* _Problem requirements_
Return the lines of the data below starting at the one holding "Gafas de Madera" and ending at the one holding "BMW 120i M Sport Steptronic-image-11", word for word, leaving every picture out.

* _Source information_
━━━━━━━━━━━━━━━━━━━━

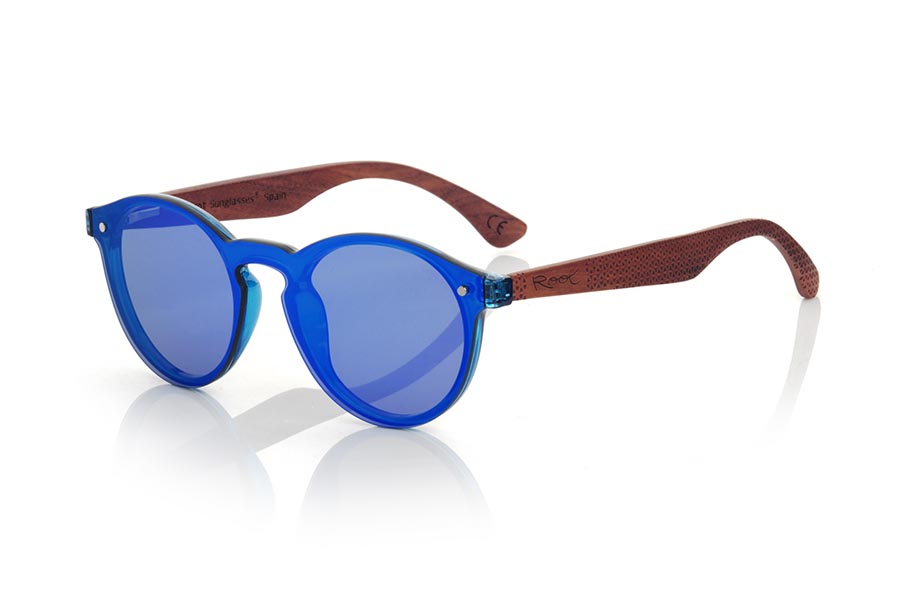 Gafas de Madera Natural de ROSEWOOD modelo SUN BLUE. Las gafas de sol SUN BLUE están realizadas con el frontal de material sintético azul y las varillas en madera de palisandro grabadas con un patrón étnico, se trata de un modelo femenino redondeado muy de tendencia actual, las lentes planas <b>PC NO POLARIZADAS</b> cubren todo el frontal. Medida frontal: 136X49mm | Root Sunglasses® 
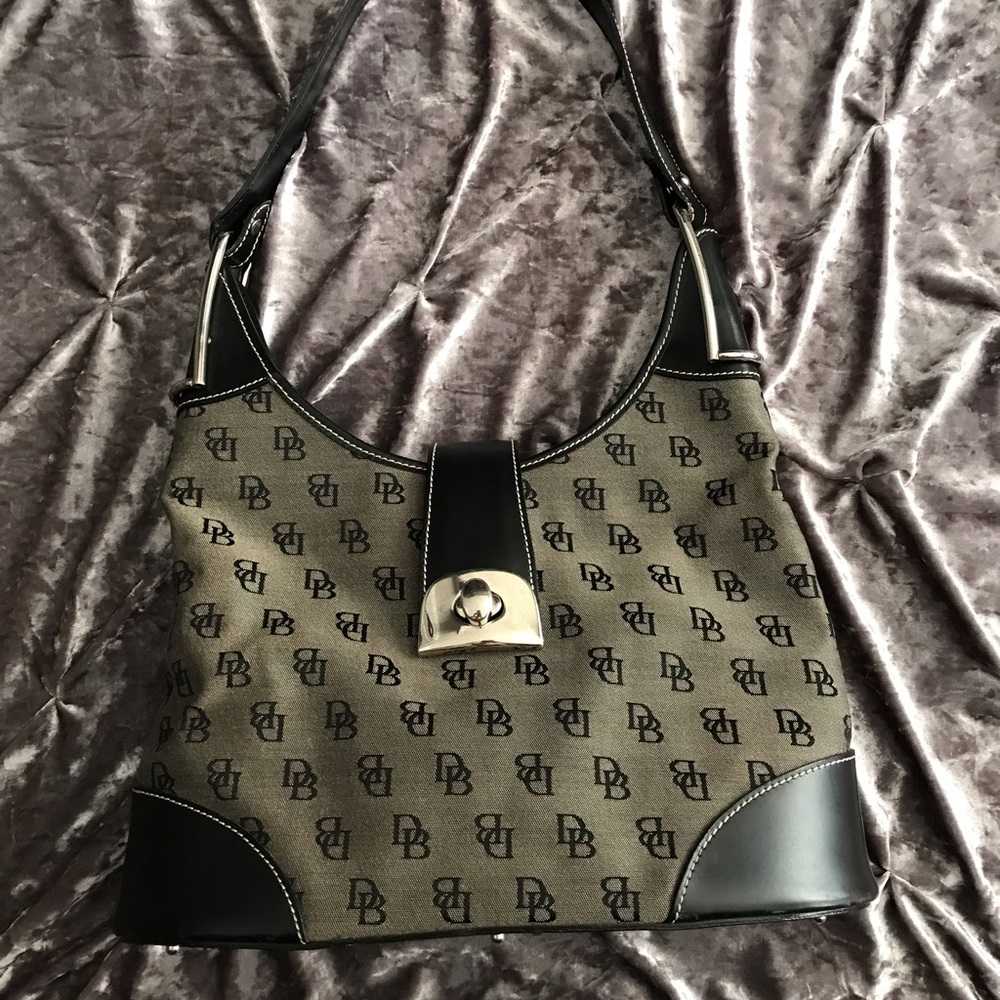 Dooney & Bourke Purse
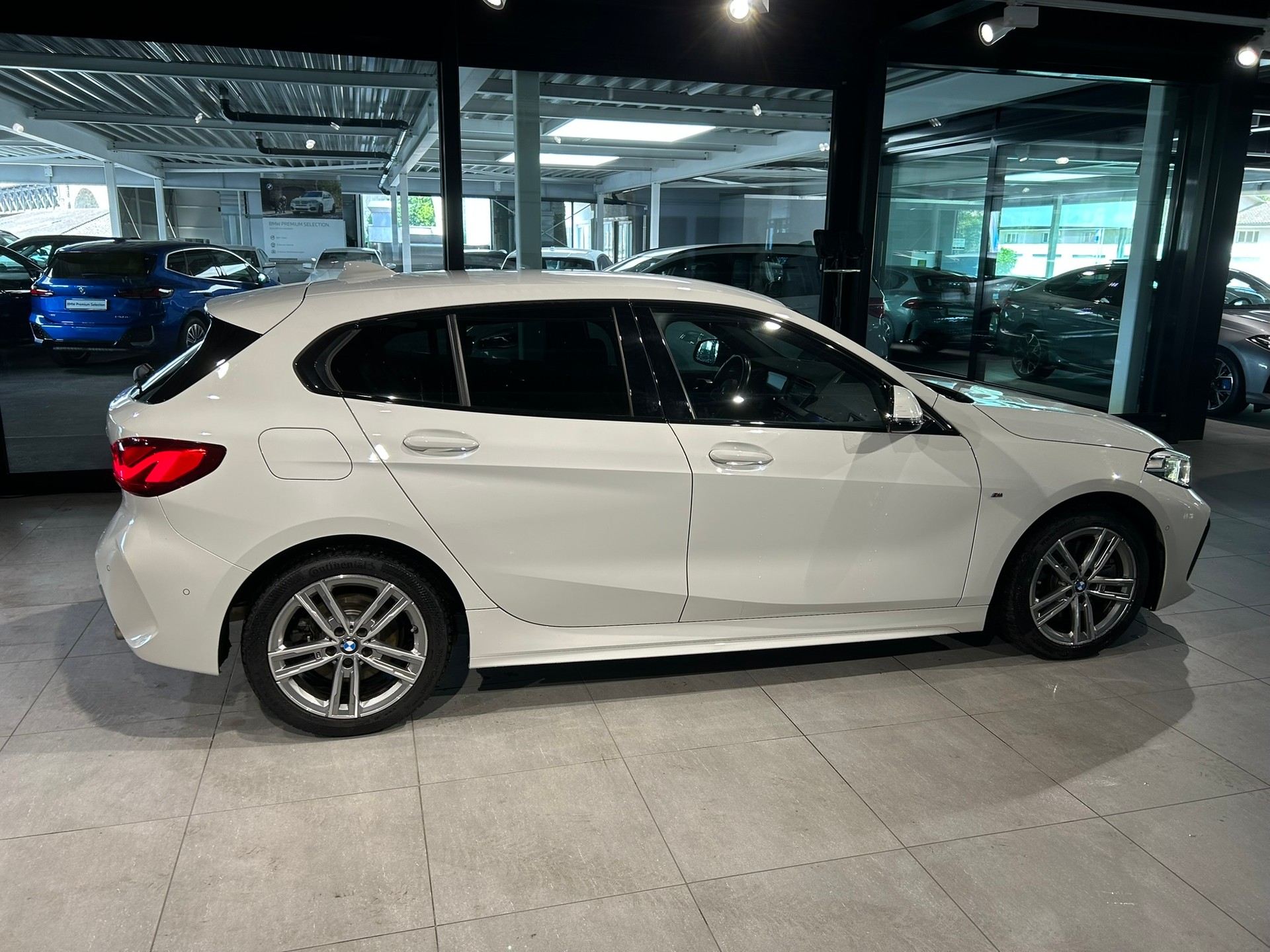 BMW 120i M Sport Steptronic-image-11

━━━━━━━━━━━━━━━━━━━━

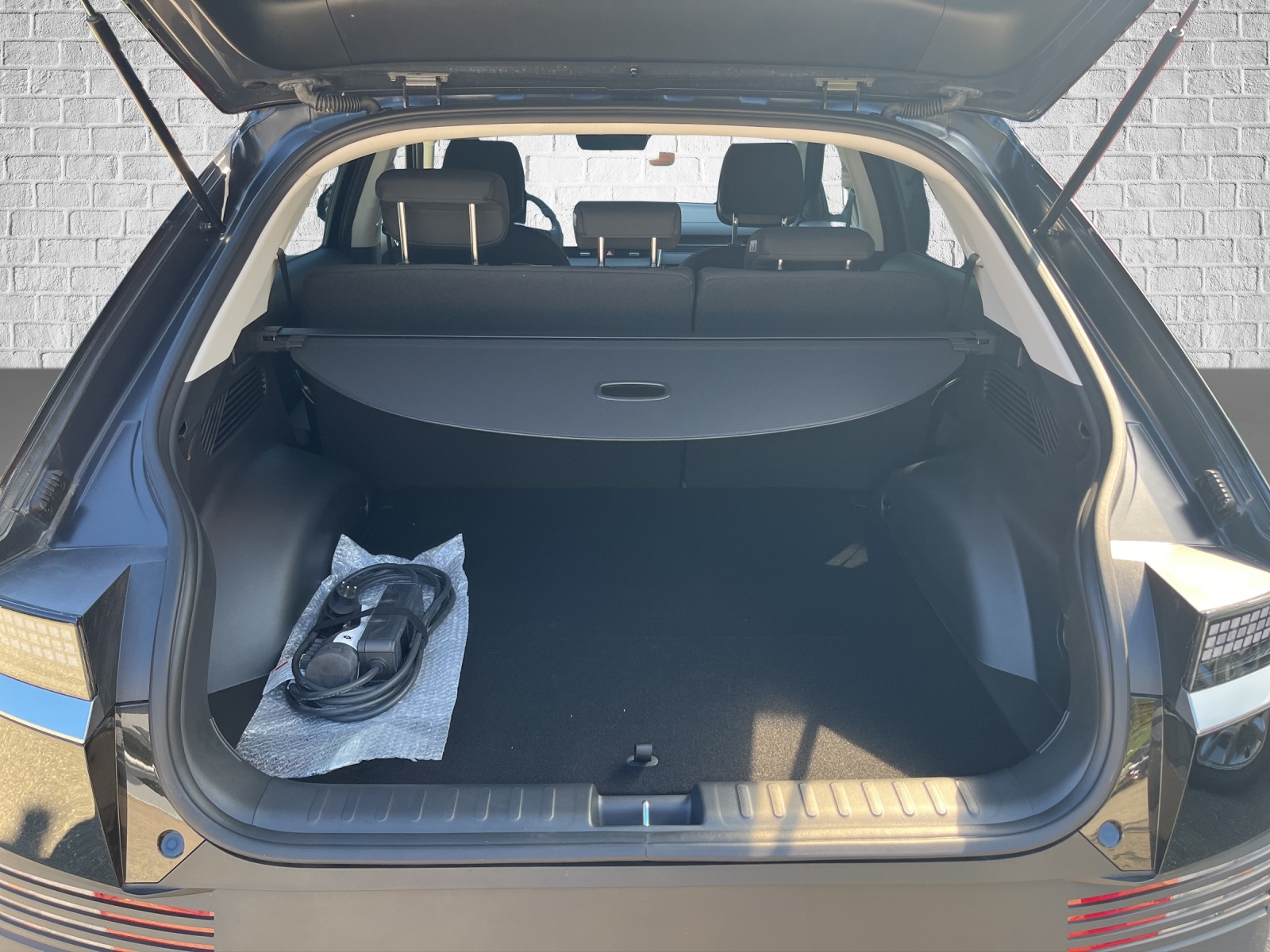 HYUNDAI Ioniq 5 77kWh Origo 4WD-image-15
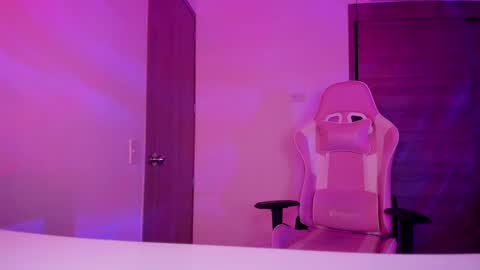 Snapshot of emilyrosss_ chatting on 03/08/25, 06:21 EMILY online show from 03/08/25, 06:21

━━━━━━━━━━━━━━━━━━━━

* _Output for this task_
 Gafas de Madera Natural de ROSEWOOD modelo SUN BLUE. Las gafas de sol SUN BLUE están realizadas con el frontal de material sintético azul y las varillas en madera de palisandro grabadas con un patrón étnico, se trata de un modelo femenino redondeado muy de tendencia actual, las lentes planas <b>PC NO POLARIZADAS</b> cubren todo el frontal. Medida frontal: 136X49mm | Root Sunglasses® 
 Dooney & Bourke Purse
 BMW 120i M Sport Steptronic-image-11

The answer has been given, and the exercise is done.